◆ The task ◆
Beginning with the line that has "保定清苑農(nóng)村彩禮多少錢,農(nóng)村結(jié)婚要彩禮錢", write out each line down to the end of the records below exactly, and include no pictures.

Captioned web image data
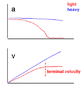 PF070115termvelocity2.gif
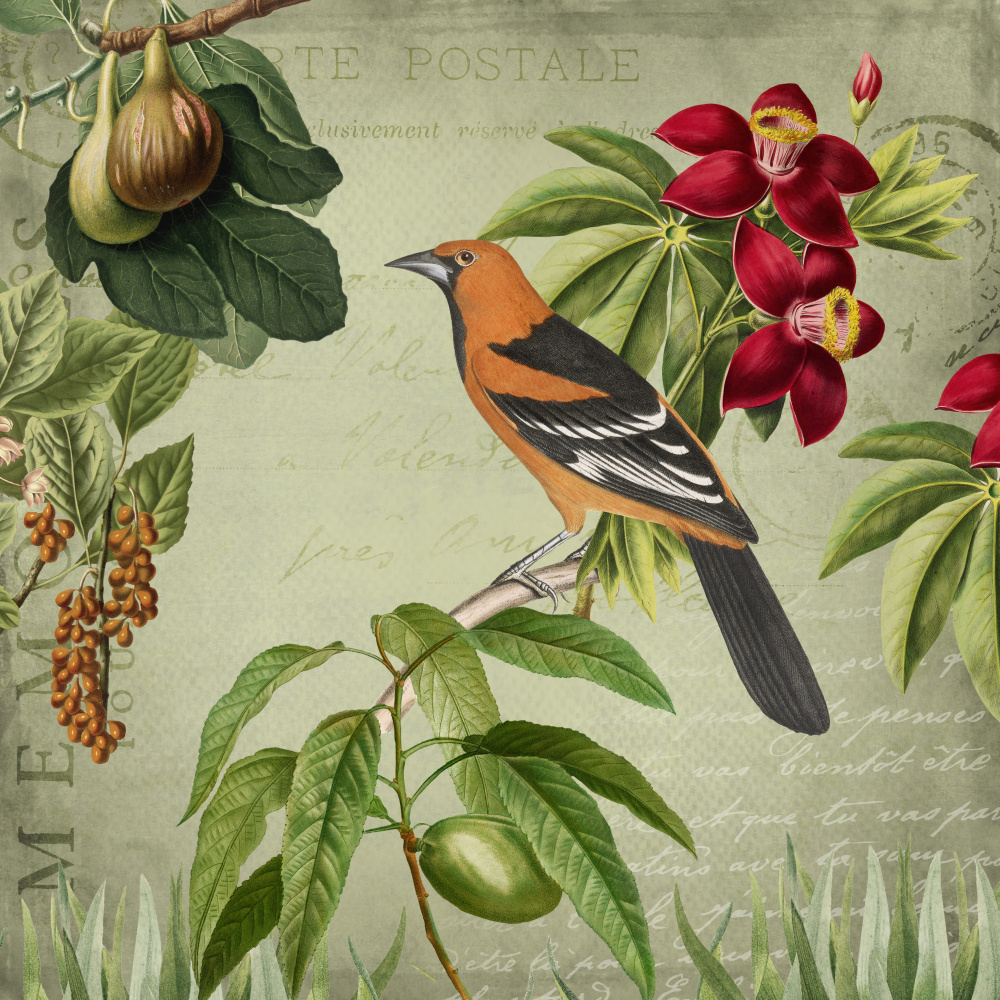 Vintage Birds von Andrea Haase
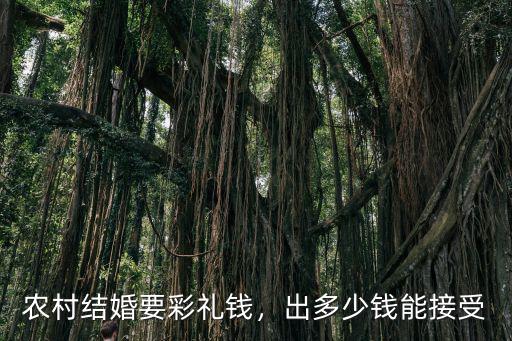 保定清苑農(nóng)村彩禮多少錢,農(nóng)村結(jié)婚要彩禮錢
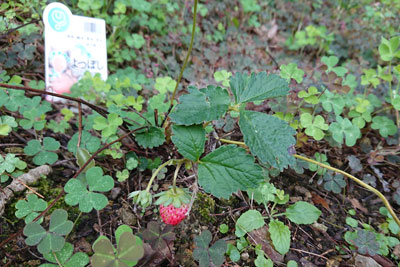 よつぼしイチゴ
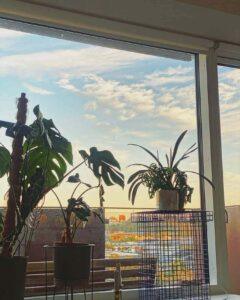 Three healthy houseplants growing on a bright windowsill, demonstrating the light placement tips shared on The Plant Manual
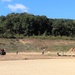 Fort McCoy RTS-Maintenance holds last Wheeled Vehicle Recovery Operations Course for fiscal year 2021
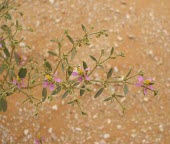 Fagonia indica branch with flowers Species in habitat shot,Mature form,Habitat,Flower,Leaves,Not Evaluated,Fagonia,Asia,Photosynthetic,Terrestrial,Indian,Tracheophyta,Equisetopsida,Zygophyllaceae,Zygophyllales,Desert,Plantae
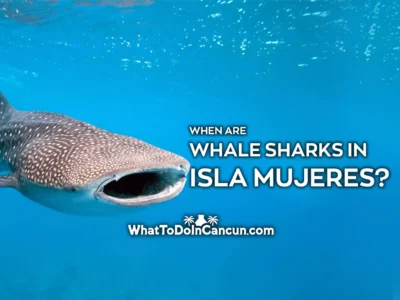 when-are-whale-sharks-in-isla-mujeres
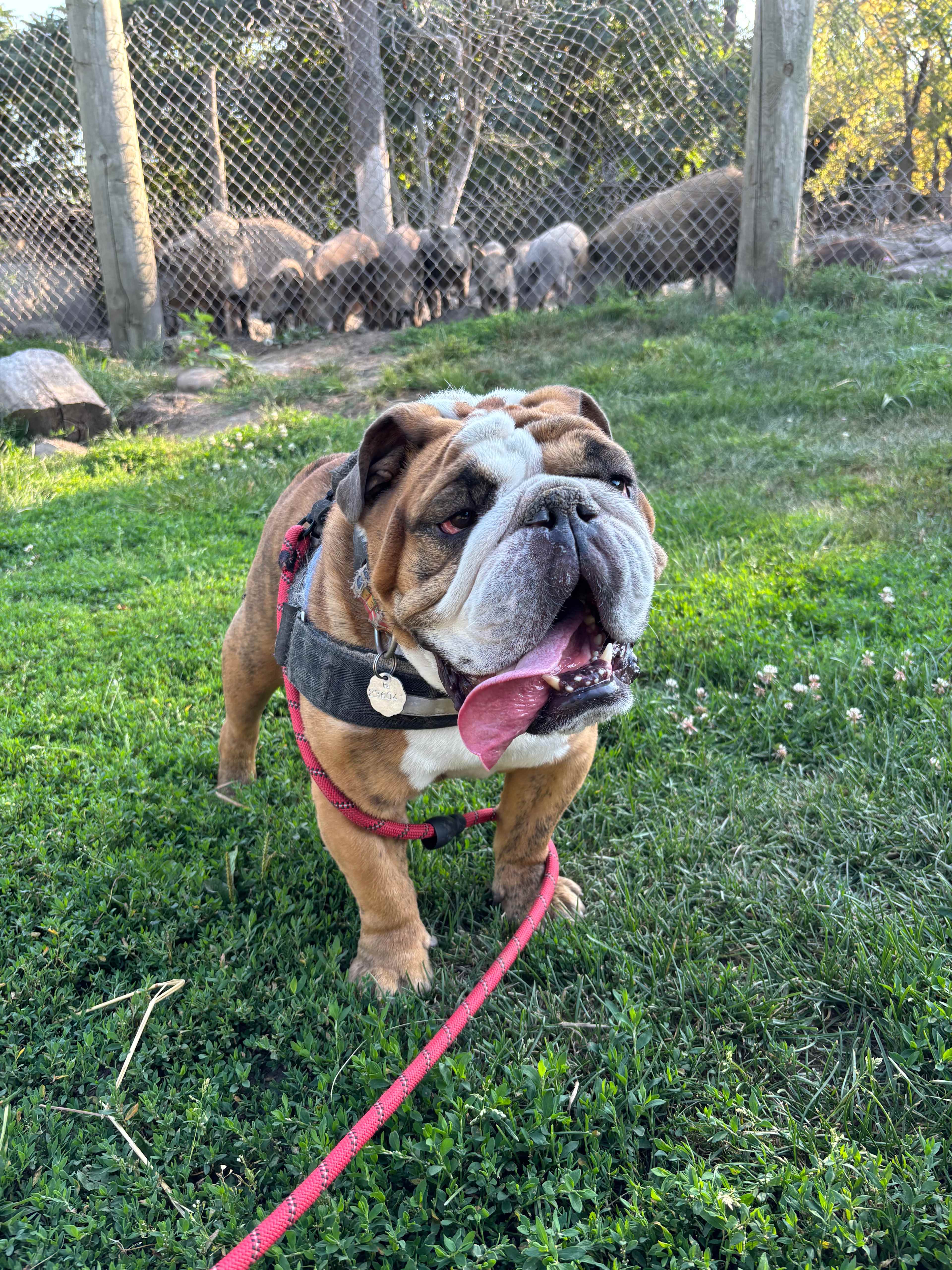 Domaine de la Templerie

◆ Response box ◆
 保定清苑農(nóng)村彩禮多少錢,農(nóng)村結(jié)婚要彩禮錢
 よつぼしイチゴ
 Three healthy houseplants growing on a bright windowsill, demonstrating the light placement tips shared on The Plant Manual
 Fort McCoy RTS-Maintenance holds last Wheeled Vehicle Recovery Operations Course for fiscal year 2021
 Fagonia indica branch with flowers Species in habitat shot,Mature form,Habitat,Flower,Leaves,Not Evaluated,Fagonia,Asia,Photosynthetic,Terrestrial,Indian,Tracheophyta,Equisetopsida,Zygophyllaceae,Zygophyllales,Desert,Plantae
 when-are-whale-sharks-in-isla-mujeres
 Domaine de la Templerie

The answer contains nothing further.